Gostaríamos de abrir um parêntese para fazer algumas colocações a título de reflexão. Numa visão cristã, poderíamos dizer que o casamento é algo sagrado, instituído por Deus para povoar a terra. Dito isto, perguntamos, o que teria feito os filhos e filhas de Adão e Eva (primeiro casal da raça humana) para cumprir a nobre missão de povoar a terra? Esta interrogação, certamente, muitos de nós já fizemos, e, possivelmente, muitos de nós acreditamos que para cumprir a missão de povoar a terra foi necessária uma relação incestuosa entre os membros da família primogênita.

Se a primeira família é fruto ou não de uma relação incestuosa, isso não vem ao caso, não é nossa intenção discutir tal aspecto, no entanto, é possível supor que, se a nossa sociedade reprime tal relação, é graças às convenções sociais que, agindo sobre o consciente de cada indivíduo inibe suas ações, ditando, portanto, o que este pode e o que não pode fazer para viver em sociedade. Sendo assim, podemos concluir que, possivelmente, um dos motivos pelo qual o homem não comete maiores atrocidades seja, justamente, o temor à repressão social.

Mas até que ponto, nós, mesmo diante de uma sociedade, que dita erros e acertos, podemos reprimir nossos impulsos sexuais? Acreditado ser esta a grade proposta lançada por Nelson Rodrigues. Folheemos o Álbum de família na tentativa de desvelar esta sociedade que, sob o véu das convenções, insiste em camuflar suas facetas.

Se a nossa suposição de que os membros da primeira família estabeleceram entre si uma relação incestuosa, o que concretizaria o incesto como algo inerente à sociedade (ao homem) desde os primórdios de sua formação, então não haveria motivos para maiores estranhamentos (por parte da sociedade) quando Nelson Rodrigues resolve colocar, em sua obra, uma mãe que se relaciona sexualmente com o filho, um pai que não esconde seu desejo pela filha e vice-versa, um irmão que se apaixona pela irmã e assim sucessivamente.

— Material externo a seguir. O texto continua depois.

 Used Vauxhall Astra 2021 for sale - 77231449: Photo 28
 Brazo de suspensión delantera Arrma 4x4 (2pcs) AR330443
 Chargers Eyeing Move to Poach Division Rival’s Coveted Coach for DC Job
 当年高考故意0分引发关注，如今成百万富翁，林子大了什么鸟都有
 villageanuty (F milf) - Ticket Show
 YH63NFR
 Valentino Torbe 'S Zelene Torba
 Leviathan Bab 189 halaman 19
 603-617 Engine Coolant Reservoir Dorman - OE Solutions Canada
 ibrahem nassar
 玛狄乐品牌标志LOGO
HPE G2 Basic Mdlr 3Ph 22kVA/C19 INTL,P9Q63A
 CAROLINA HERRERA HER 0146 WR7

Segundo Magaldi (2004), “desde que aceitas as regras do jogo social, o homem reprimiu anseios e criou tabus”. Acreditamos estar aí uma das razões que levou Álbum de família a se tornar uma obra causadora de tanto estranhamento, provocando o tifo e a malaria na plateia, pois, uma vez, a família de Jonas e D. Senhorinha não aceitando as regras do jogo social, vai desconstruir tabus, vomitando a profunda natureza humana, avessa a quaisquer padrões.

Não podemos nos esquecer que Álbum de família se apresenta como um microcosmo da sociedade, a mesma sociedade cuja mídia não se cansa em noticiar: pais mantendo filhas prisioneiras de seu assédio sexual, chegando ao ponto de gerar filhos com elas. Portanto, torna-se evidente que, ao problematizar a relação incestuosa da família de Jonas e Senhorinha, Nelson Rodrigues não faz outra coisa, senão desnudar a sociedade, mostrando-lhe que ela própria traz em si aquilo que ela reprime, expele, ou seja, o incesto.

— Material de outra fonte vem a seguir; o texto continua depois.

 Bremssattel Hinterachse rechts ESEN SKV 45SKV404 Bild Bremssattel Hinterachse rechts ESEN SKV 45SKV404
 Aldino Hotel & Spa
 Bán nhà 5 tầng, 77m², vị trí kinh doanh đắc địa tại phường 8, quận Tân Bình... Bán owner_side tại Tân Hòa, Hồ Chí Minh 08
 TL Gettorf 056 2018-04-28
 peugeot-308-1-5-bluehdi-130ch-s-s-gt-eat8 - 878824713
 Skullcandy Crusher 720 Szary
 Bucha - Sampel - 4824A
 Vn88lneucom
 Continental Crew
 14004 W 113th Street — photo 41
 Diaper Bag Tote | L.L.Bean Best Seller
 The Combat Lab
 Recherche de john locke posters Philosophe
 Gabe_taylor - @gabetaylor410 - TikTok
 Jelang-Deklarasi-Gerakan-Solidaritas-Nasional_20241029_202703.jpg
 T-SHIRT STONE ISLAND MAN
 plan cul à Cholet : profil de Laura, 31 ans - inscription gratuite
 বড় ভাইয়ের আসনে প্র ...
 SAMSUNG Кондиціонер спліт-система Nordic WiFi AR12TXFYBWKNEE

Ao referir-se a Nelson Rodrigues, afirma Magaldi (2004. p. 51): “[...] o dramaturgo resolvera abolir a censura e desnudar o indivíduo, não encarando o incesto como fenômeno excepcional, mas o impulso mais recôndito da natureza humana”. Diante desta afirmação, começamos a perceber o porquê de Álbum de família ser considerada uma obra fétida, pestilenta, capaz de provocar o tifo e a malária na plateia.

Quem guarda segredos não quer tê-los revelados. Está aí uma afirmação que nos parece bem pertinente para pensarmos em tantos adjetivos lançados pelo próprio autor sobre sua obra. Reveladora de um dos segredos mais recônditos da natureza humana (incesto), Álbum de família não poderia esperar outra coisa, senão a forte censura, o escárnio, o desprezo da plateia.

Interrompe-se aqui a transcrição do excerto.